可是謝朝歌還是忍不住的身子輕輕顫抖,他又想到了蕭燼那天晚上的眼神,冰冷可怖又充滿了恨意的,他是真的想要自己死嗎?
自己沒有死在大火中,他是來把自己抓回去的嗎?
可是自己現在的這副身子,還能再受得起他的折磨嗎?
蘇景已經走到了兩人不遠處,身后還跟著一眾宮人和侍衛。
看到謝朝歌居然被南弈承扶在懷里,蘇景眼神一變,忙喚道,見過謝妃娘娘,見過南藩王。
誰知道南弈承見著蘇景來了,卻并沒有要松手的意思,蘇公公,來本王府中有何貴干?
蘇景看著始終低垂著頭的謝朝歌道,南藩王,奴才是奉了皇上的命令,前來接謝妃娘娘回宮的。
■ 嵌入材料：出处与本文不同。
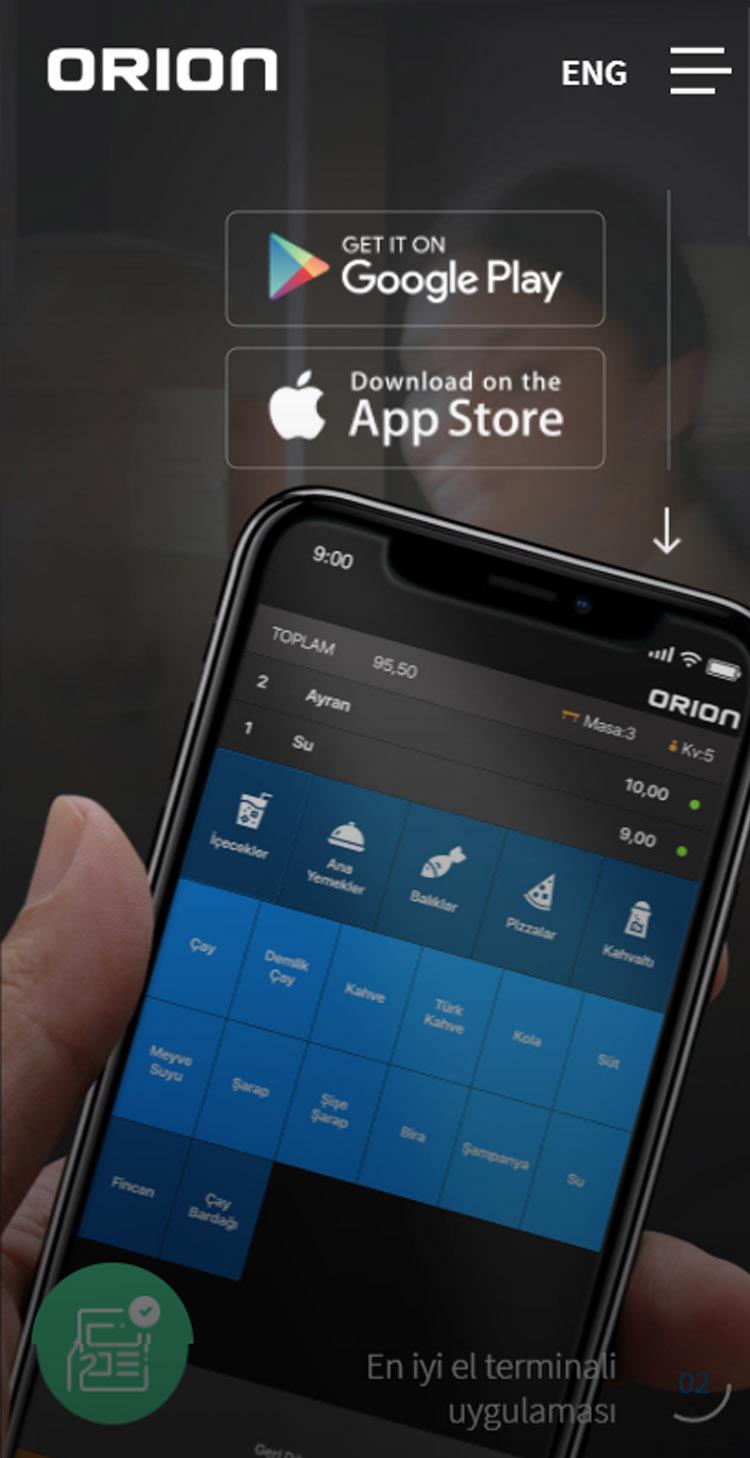 Orion POS Hakkında?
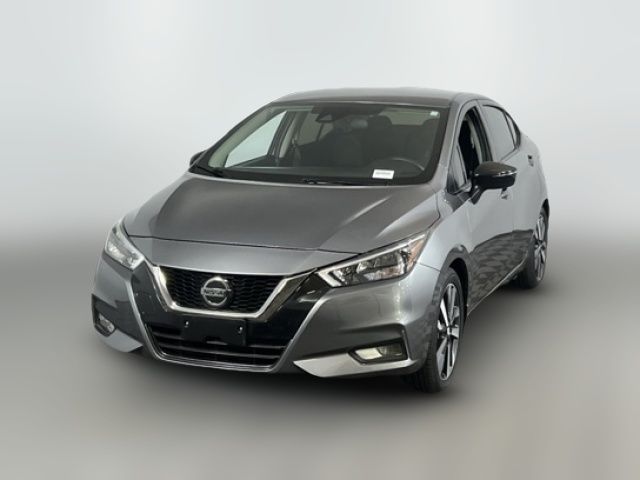 2021 Nissan Versa SR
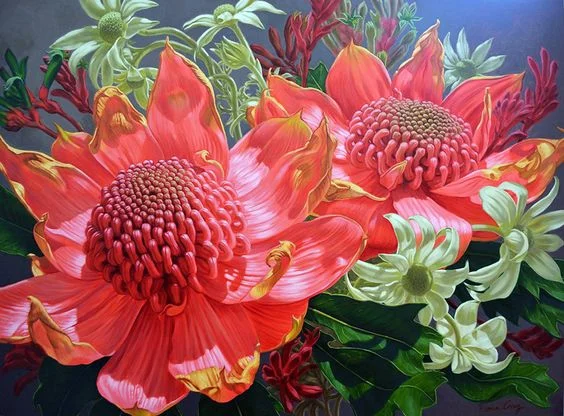 Waratahs and Flannels, Fiona Craig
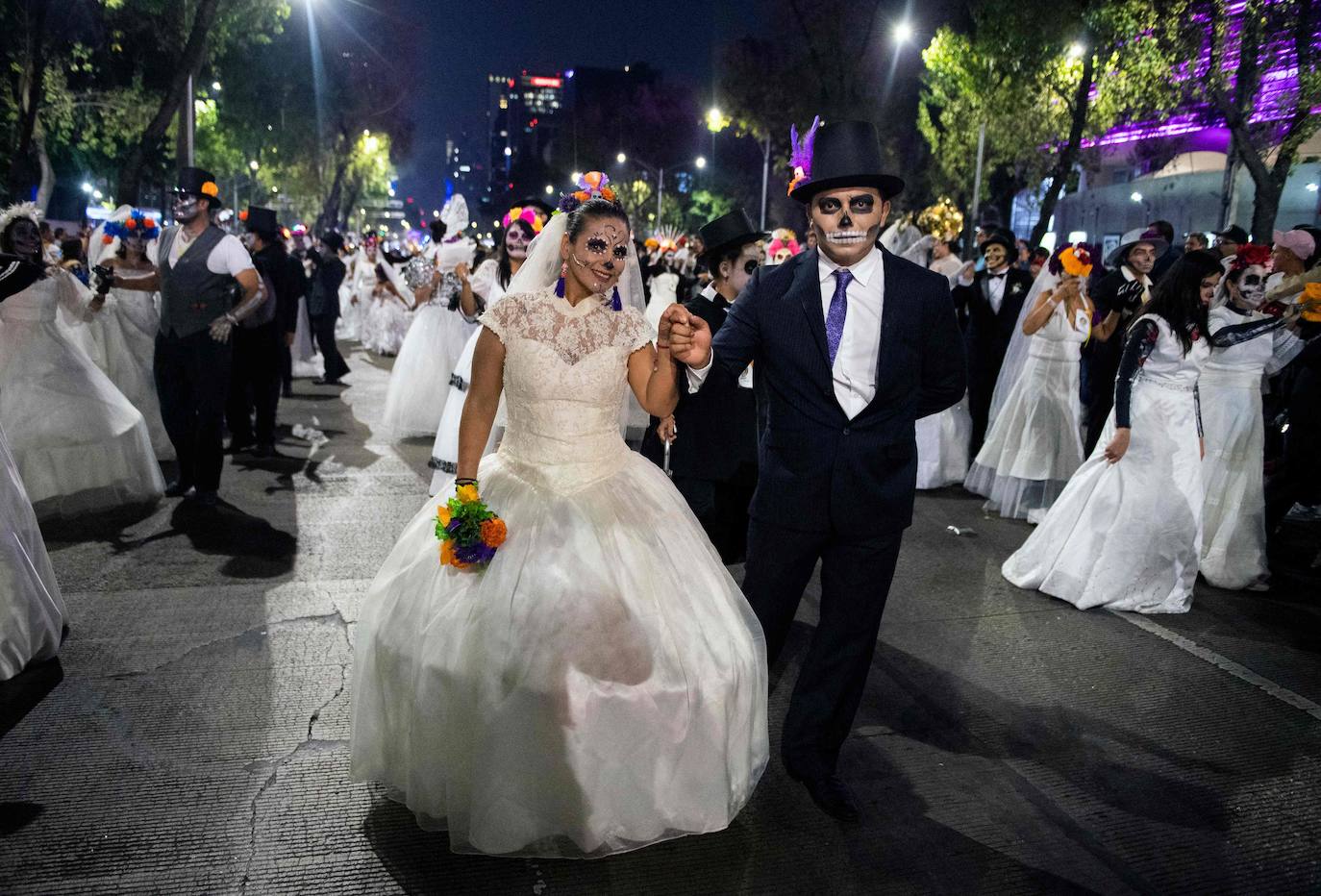 Fotos: Mega procesión de las catrinas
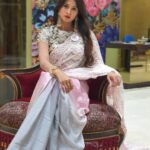 Harshika Poonacha Instagram – PRINCESS shots 👸
Draped in this gorgeous @nadira.couture 1 MG – Lido Mall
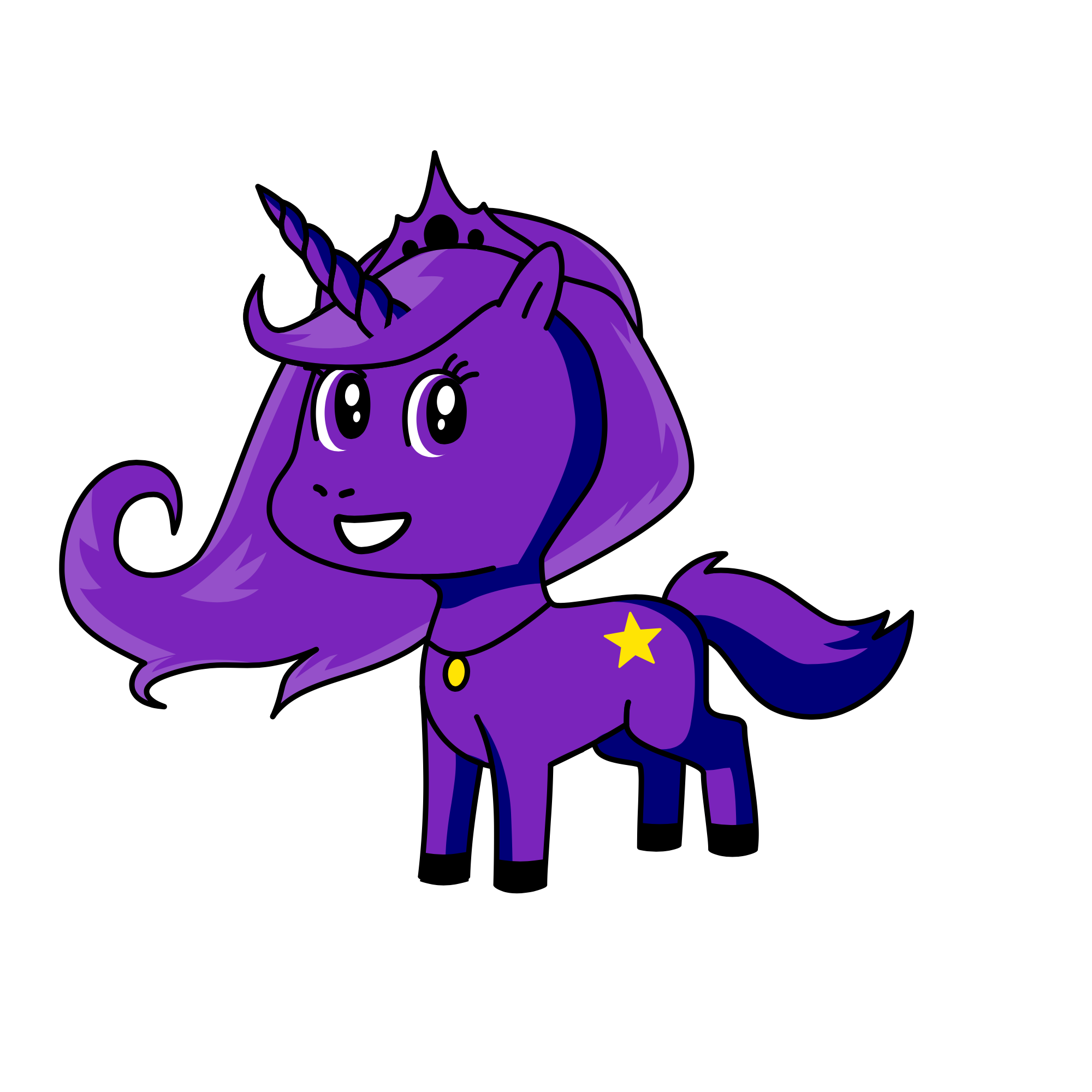 mon, the unicorn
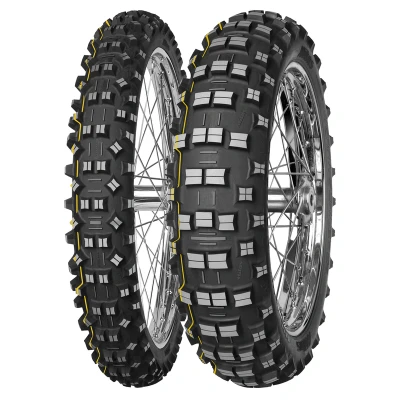 Kép: Mitas TERRA FORCE EF SUPER LIGHT TECHNICAL ENDURO M/C TT 140/80 R18 70R autó Nyárigumi Gumiabroncs 70000956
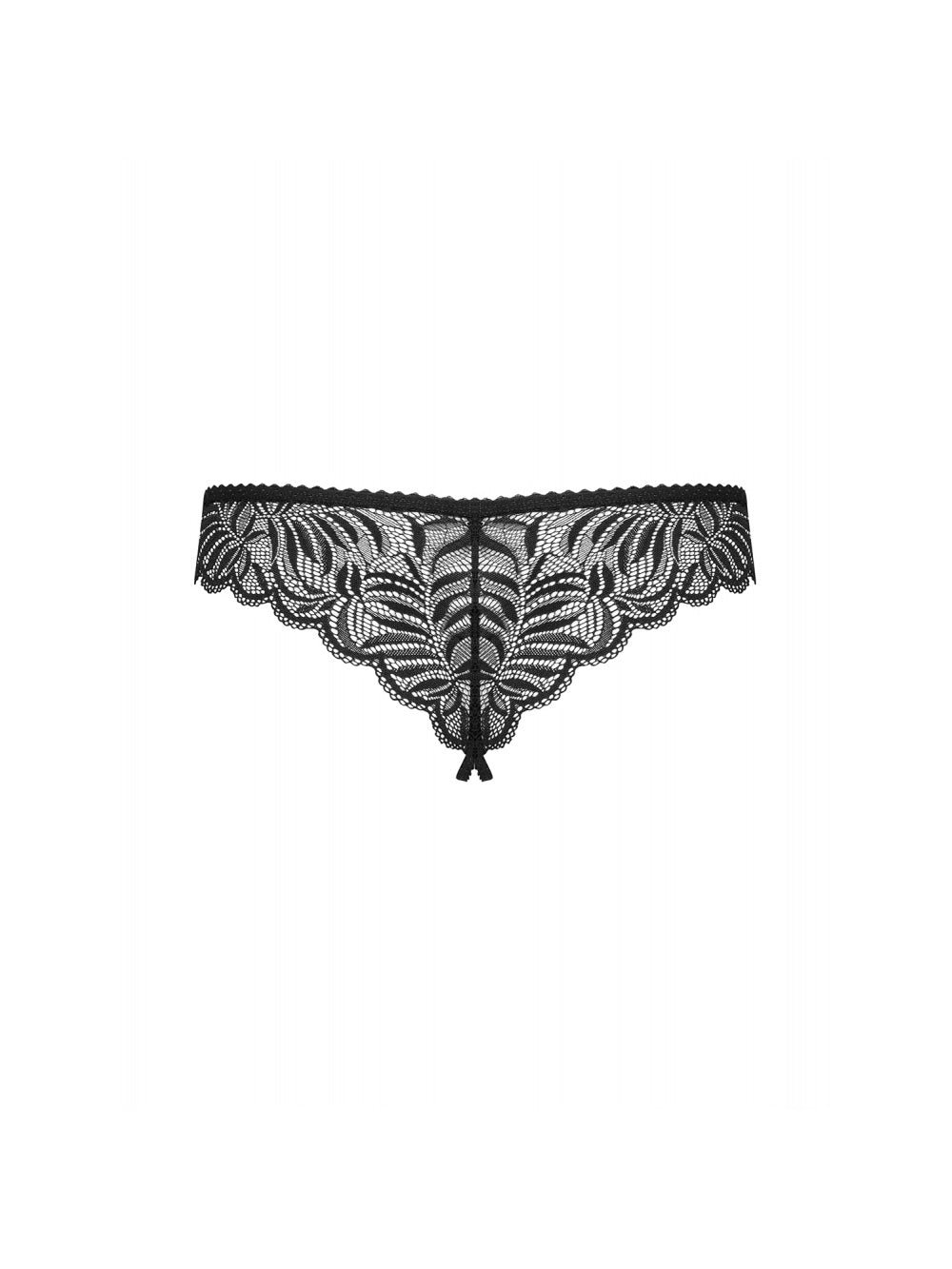 Tanga Ouvert Contica Noir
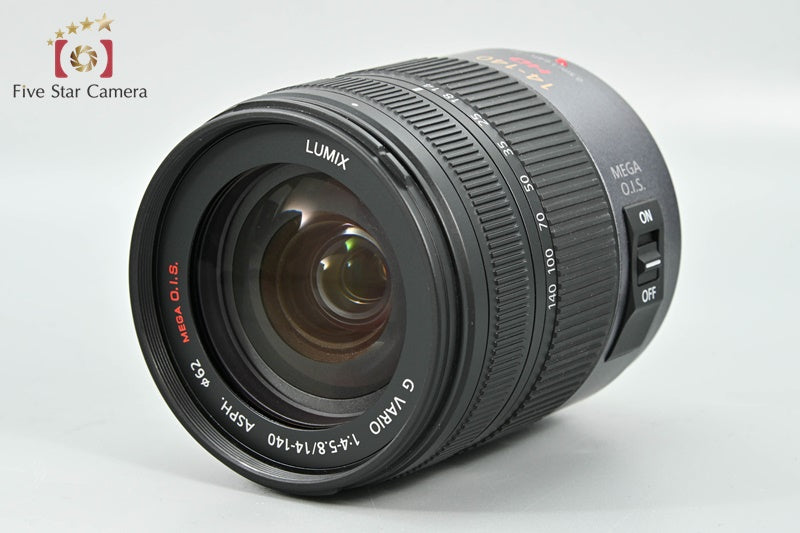 Panasonic LUMIX G VARIO 14-140mm f/4-5.8 ASPH. MEGA O.I.S. H-VS014140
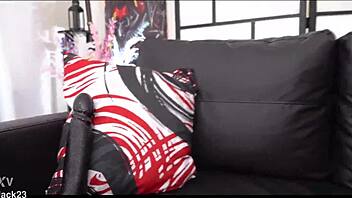 Dry perv tests anal limits with toys deep in ass. Real gapes and rimming action unfold.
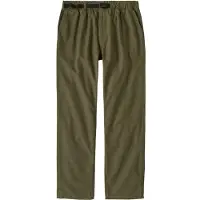 Patagonia M's Point Reyes Canvas Gi Pants Basin Green - XXL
謝朝歌心里猛地一提,果然是這樣,果然是來抓他回去的。
他頓時情緒有些激動的咳嗽了起來,白皙的小臉漲的通紅,單薄的肩膀也不受控制的顫抖。
南弈承疼惜的替他拍了拍后背,隨后看著蘇景道,蘇公公,朝朝是皇上的嬪妃沒錯,但也是本王從小看著長大的,同本王的親人一般,如今他身體虛弱的厲害,怕是需要好好將養才行。宮中近日發生了那么多的事情,不如就讓朝朝先在本王府中住著,等到他身子好些了,本王親自送他回宮。
謝朝歌抬起眼睛來看了南弈承一眼,眼神中有無助也有感激,但是他卻輕輕搖了搖頭。
這樣肯定不行的,蕭燼不會同意的,自己已經在王府中住了好幾日,怕是已經到了蕭燼忍耐的極限了,要不然他也不會派蘇景來把自己接回宮。
自己若是今天不跟著蘇景回去的話,蕭燼肯定會有千百種方式降罪,說不定還會連累到弈承哥哥,他絕對不能這么做,不能讓弈承哥哥跟著自己受罰。
謝朝歌看著蘇景,想要對他比劃手勢,表示自己跟他回去。
但是謝朝歌的手卻是忽地被南弈承握住了,他溫柔又疼惜的看著謝朝歌,怎么也不愿意再看著他回宮去受罪了。
蘇景面色難堪,輕咳了兩聲,想要提醒對面的兩人注意舉止和分寸,雖說這里不是宮里,但是一個外臣怎么也不能對皇上的嬪妃摟摟抱抱的,成何體統!
南藩王,不是奴才不講情面,實在是這是皇上下的命令,奴才也只不過是奉旨辦事,還請南藩王不要讓奴才難做,否則奴才不介意動用些別的手段。